__Problem details__.
Without the pictures, reproduce the records that follow exactly.
---+---
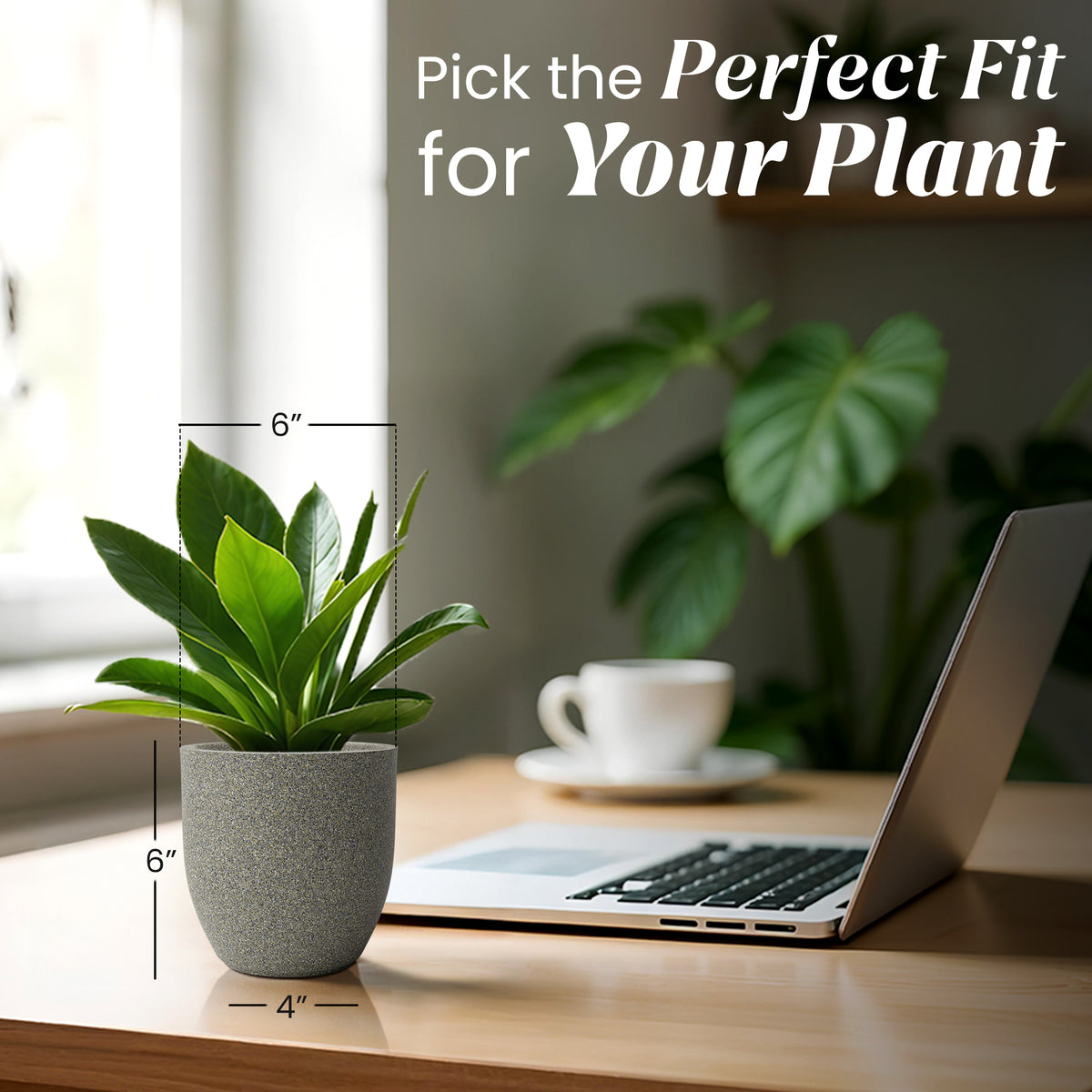 FOX B | P CUP PLANTER 6 INCH TO 15 INCH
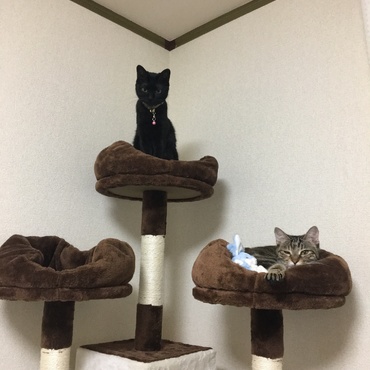 新居にも慣れてくつろぐ二匹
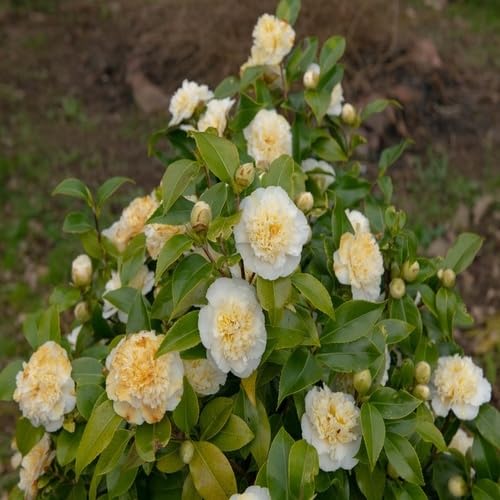 Yellow Camelia Flower Seeds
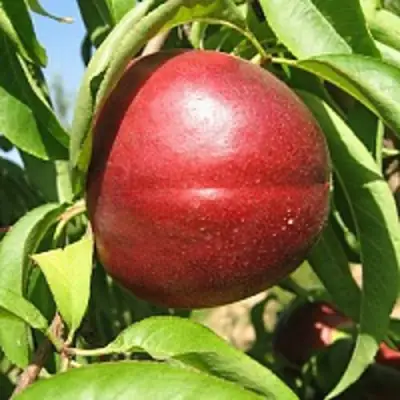 Нектарин ФАНТАЗИЯ в Пинске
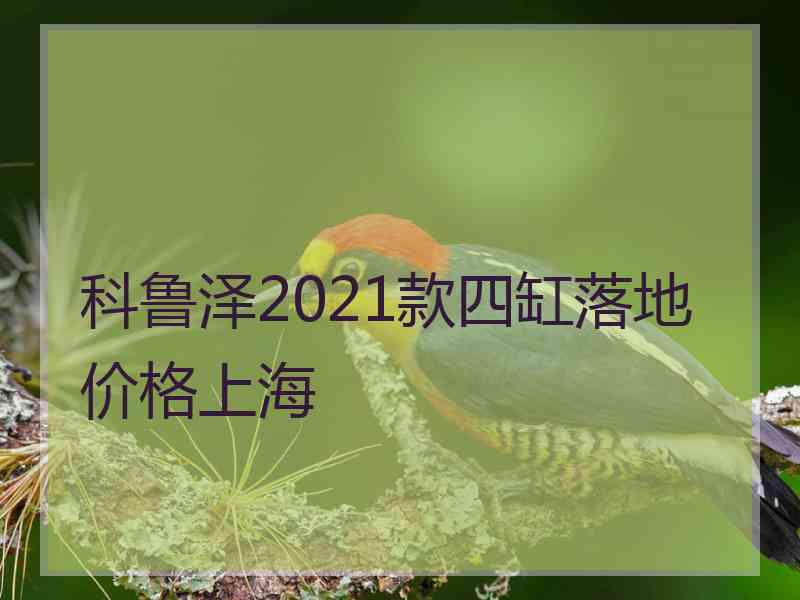 科鲁泽2021款四缸落地价格上海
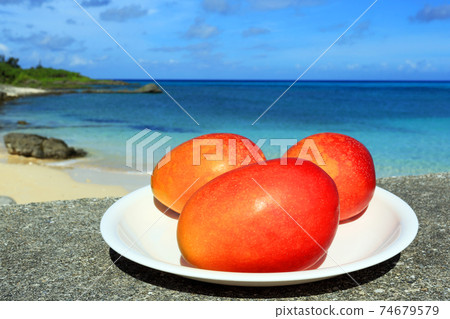 Ripe mango, a specialty of Miyakojima, Okinawa 74679579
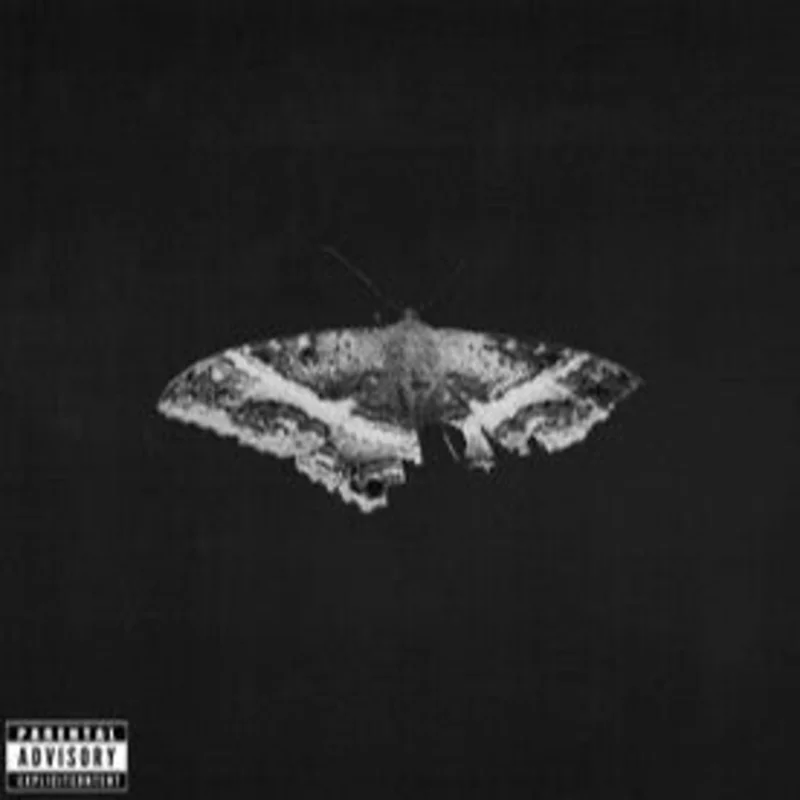 Kendrick Lamar - To Pimp a Butterfly (10 Year Anniversary Edition) (Limited Edition Color) Vinyl LP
---+---
__Answer to the exercise__.
 FOX B | P CUP PLANTER 6 INCH TO 15 INCH
 新居にも慣れてくつろぐ二匹
 Yellow Camelia Flower Seeds
 Нектарин ФАНТАЗИЯ в Пинске
 科鲁泽2021款四缸落地价格上海
 Ripe mango, a specialty of Miyakojima, Okinawa 74679579
 Kendrick Lamar - To Pimp a Butterfly (10 Year Anniversary Edition) (Limited Edition Color) Vinyl LP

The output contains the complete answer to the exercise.